General Motors is working on developing an electric car that has as much as 200 miles (320 kilometers) range, Chief Executive Officer Dan Akerson said.
“There will be breakthroughs in battery technology, they’re on the horizon,” Akerson said today during a presentation at the IHS CERAWeek energy conference. “We’re actually developing a car today which is really anathema to the way the auto industry works: We’re running a dual play on the technology to see which one will succeed. One will result in” a 100-mile range, “the other will be a 200-mile range.”
Dan Akerson also told a meeting of energy executives and investors that GM's new Spark EV would have a range of 75 miles to 80 miles (120-129 km) on a single charge - double the electric-only range of its Chevrolet Volt plug-in hybrid. The Spark is due to go on sale this summer.
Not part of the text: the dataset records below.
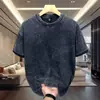 Camiseta de Algodón Lavado de Manga Corta American High Street para Hombre Verano Suelta Trendy Marca Casual Pareja Top Manga Tres Cuartos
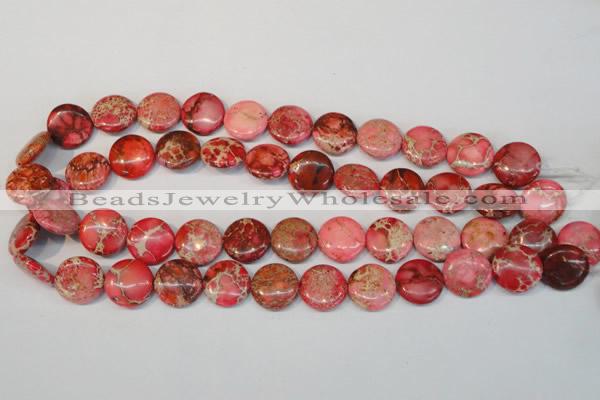 CDI655 15.5 inches 16mm flat round dyed imperial jasper beads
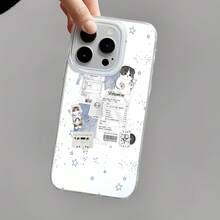 Estuche para teléfono con patrón de gato y estrella compatible con  17,  16 Pro Max,  15 Pro Max,  13 y  12 Brinda protección contra golpes y caídas Un gran regalo para familiares, amigos, seres queridos, novios, novias y el Día de San Valentín - Blanco - Ver 5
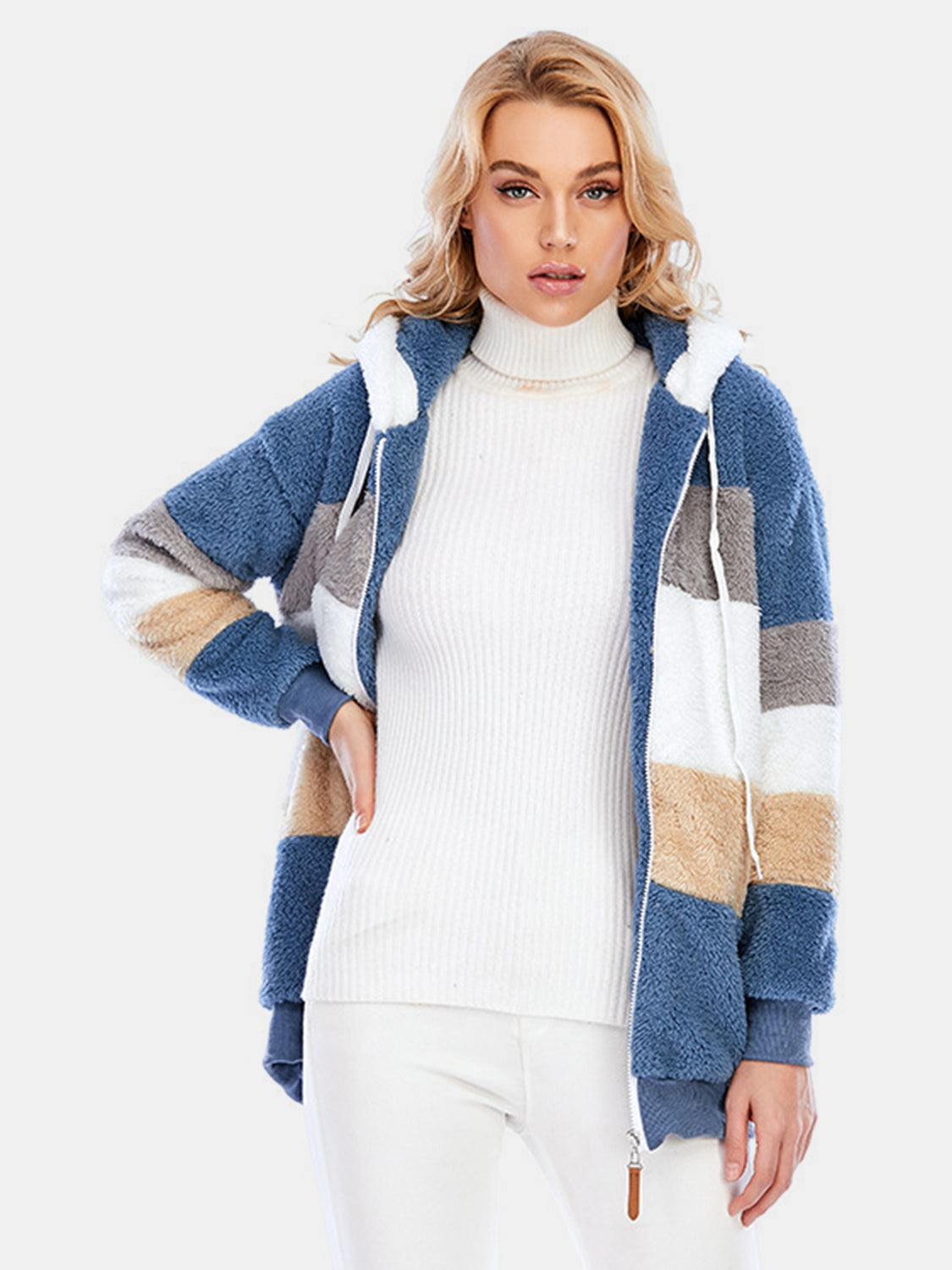 Full Size Drawstring Color Block Zip Up Hooded Outerwear Trandify Deal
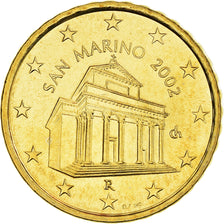 San Marino, 10 Euro Cent, 2002, MS(65-70), Latão, KM:443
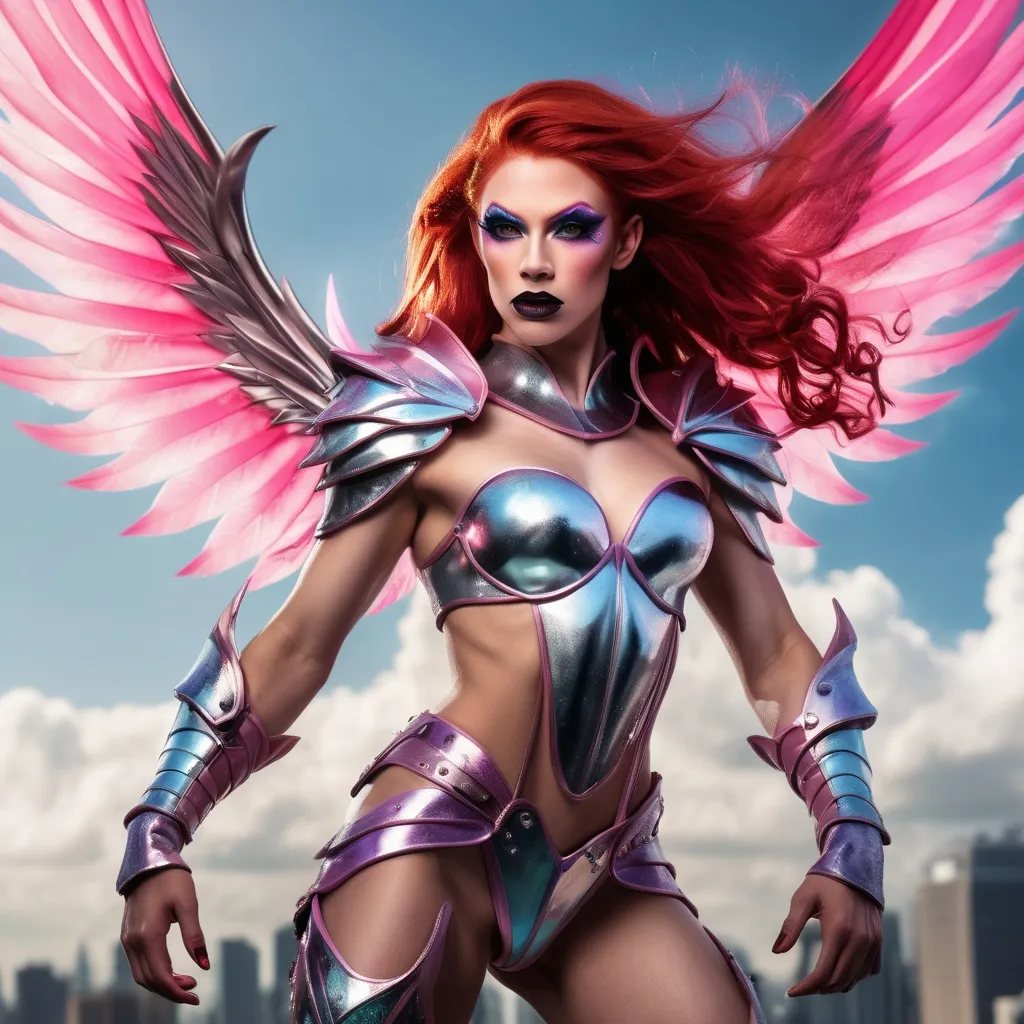 Prompt: A photorealistic image of a Gorgeous ultra-muscular 25-year-old drag queen Sky Elf fighter, a lithe and agile warrior with flowing bright red hair and iridescent pink wings, dark eye makeup and dark lipstick, in mid-battle amidst the floating islands of their sky city. The Sky Elf fighter, clad in sleek, shimmering armor that catches the light, wields dual blades with unmatched speed and precision. Their movements are a blur as they attack with the swiftness of the wind, the blades cutting through the air with ease. The scene captures the dynamic motion of combat, with the fighter executing a swift aerial maneuver, their wings catching a gust of wind that propels them forward. In the background, the floating city with its grand, airy architecture is partially shrouded in mist, giving a sense of otherworldly elevation. Art styles: photorealism, action, fantasy. Lighting: natural daylight, dynamic shadows. Camera: wide-angle action shot. Resolution: 8k, ultra-detailed.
The CEO saw the Spark as an urban car because of consumer concerns about what many in the industry call range anxiety. GM has touted the Volt for its electric driving range of 40 miles that is then augmented by a gasoline engine.
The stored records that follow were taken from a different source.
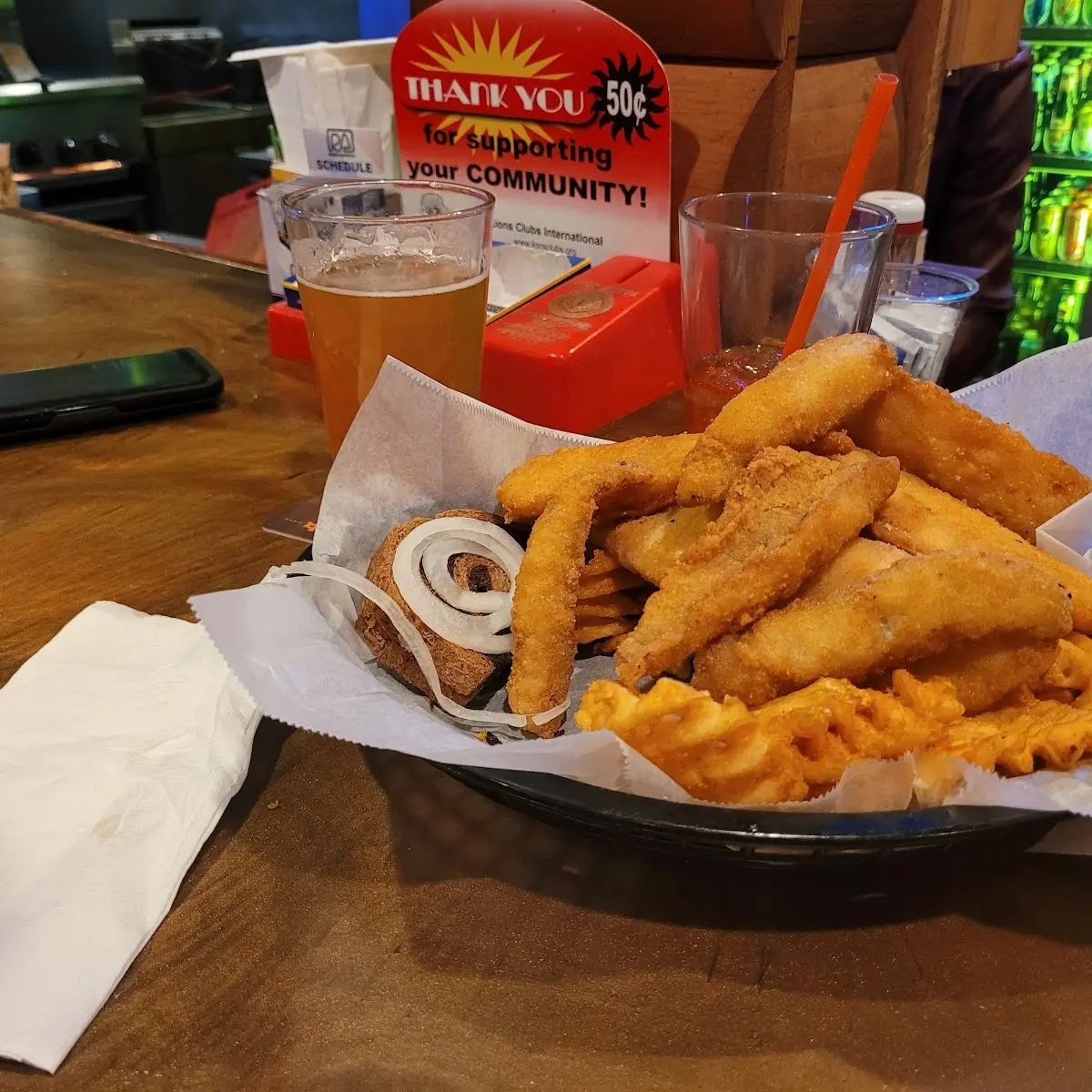Seafood Basket Perch Walleye and Cod with Waffle Fries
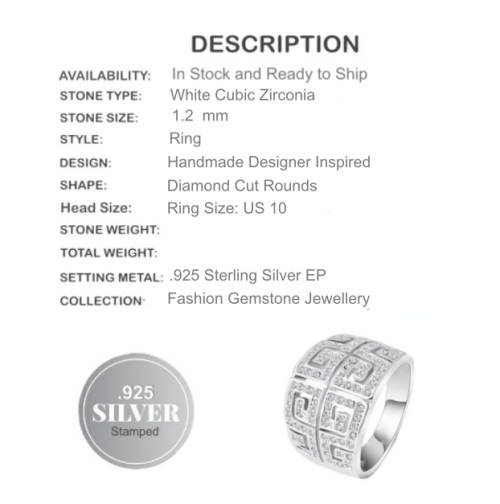 DIAMOND CUT WHITE CUBIC ZIRCONIA .925 SILVER RING SIZE 10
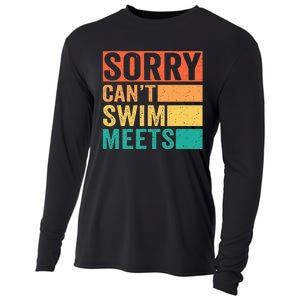 Sorry Can't Swim Meets Funny Retro Swimming Coach Swimmer Cooling Performance Long Sleeve Crew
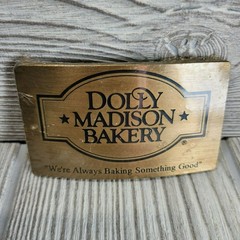 Dolly Madison Bakery Belt Buckle Gold Advertising Brass Tone Logo Western Vtg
Akerson went on to describe a giant inductive pad under development, which can sit in a garage and charge a homeowner's vehicle every night. Inductive charging technology has not been rolled into any GM products, but the company did invest $5 million in wireless charging start-up Powermat in 2011.
Improving battery life is a priority for many. LG Chem said in October a new generation of power packs would debut in 2015 with GM.